Asperge, most recently cited in the sixteenth century, is “a
sprinkling of holy water.” Murray is a serious Roman Catholic who has dedicated
most of his books “to the glory of God.” He also has been diagnosed with
Asperger’s syndrome, and he mingles his faith and his diagnosis in “The Tune on Your Mind” (The Biplane Houses,
2006). The last two words on Murray’s list, both German, mean “monitor” or
“screen,” as of a computer, and “intestines,” “guts” or “viscera,”
respectively.
“Poet”
and “poseur” are too often synonymous. In Murray we have an original, a
legitimate eccentric with an imagination usually large for poet. He uses obscure
and recondite words because he loves them and they get the job done, not
because he’s an “elitist” and wishes to cull his readership. He says in the
interview:
“Readers
would be rightly insulted if they felt I’d assumed they were less smart or less
sophisticated than I am. That would be unbearably condescending. And anyway
they like some puzzlement, some baroque, perhaps, and certainly some material
that doesn't release all its savor at a first lick. Really, writers and readers
alike, as you know, we work beyond our own intelligence; necessarily so. That’s
the raison d’etre, the road to the
trance that art exists to provide. The significances in a poem ought to be
latent as well as patent: You find them as a matter of pleasure as you are
reading; you don't need a critic to tell them to you.”
This
sounds remarkably like the thinking of one of Murray’s contemporaries, Geoffrey
Hill, another faith-minded, word-drunk poet, who said in a 2002 interview: “In
my view, difficult poetry is the most democratic, because you are doing your
audience the honour of supposing that they are intelligent human beings.”
Murray
is also good on the convergence of language and politics:
“I
would never place myself on any left-right axis. That’s `bullet in the back of
the head’ language, gulag language. To hell with it. That is the terminology of
those who are out to co-opt art and prevent it from moving on. It's the
currency of those who fund our weak poets on condition that the baby boomers
will never be superseded. One of my ideals is to get to the places beyond
argument—I don't like conflict: of ideals, of values. . . . I’m a dissident
author; the deadliest inertia is to conform with your times.”
4 comments:
It might be an apocryphal story, but T. S. Eliot is supposed to have replied to a questionnaire sent out by American high school students somewhere that, by his lights, the most beautiful word in the English language was “cellar door.”
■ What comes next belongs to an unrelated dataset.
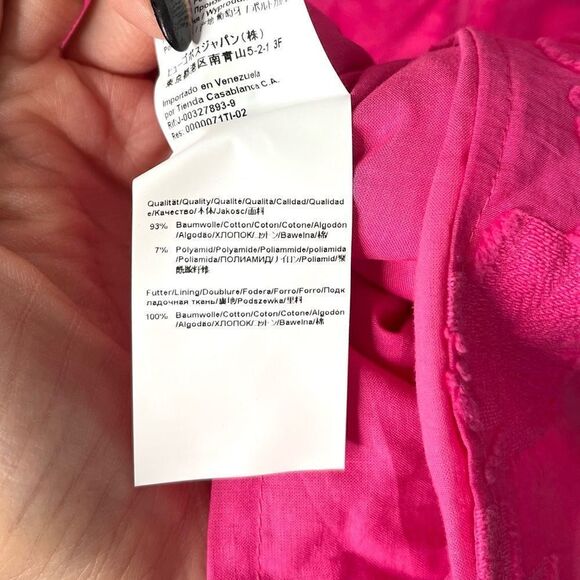 BOSS Dress Women’s 6 Diteva Pink Cotton Blend Floral Lace Sleeveless Sheath NWT - Picture 7 of 8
I quickly checked Google and couldn’t find any solid provenance for this story. Some people ascribe the ennobling of “cellar door” to Tolkien (whom no one I knew had ever heard of, when I first heard the Eliot attribution).
It was obvious to me, when I first heard this story, that what attracted Eliot to “cellar door” was its resemblance to “stella d’oro,” but I can’t remember whether I’d thought of that myself or it was suggested to me by someone else.
Here's Michael Gilleland on "The Euphony of Cellar Door":
http://laudatortemporisacti.blogspot.com/2009/11/euphony-of-cellar-door.html
Cellar door calls to mind the story in Iris Origo's Images and Shadows of the Italian classicist who was waiting for the pot to boil for his dinner, and said "Pentola, pentola, pentola, bolli. Pentola, bolli!", then said to a friend "What beautiful hexameters", for it was in the classic patternn of dactyls and spondees of epic verse.
Thanks for that link, Dave Lull. After reading it, I thought: well, cellar door worship couldn't be all that ancient a persuasion; cellar door must be a relatively modern term. Wrong again! The Online Etymological Dictionary says it was used as early as the 1640's. It would be interesting to find out when the phrase first struck someone as beautiful, and who that someone was. (I still think that "stella d'oro" is the germ of the attraction of "cellar door.")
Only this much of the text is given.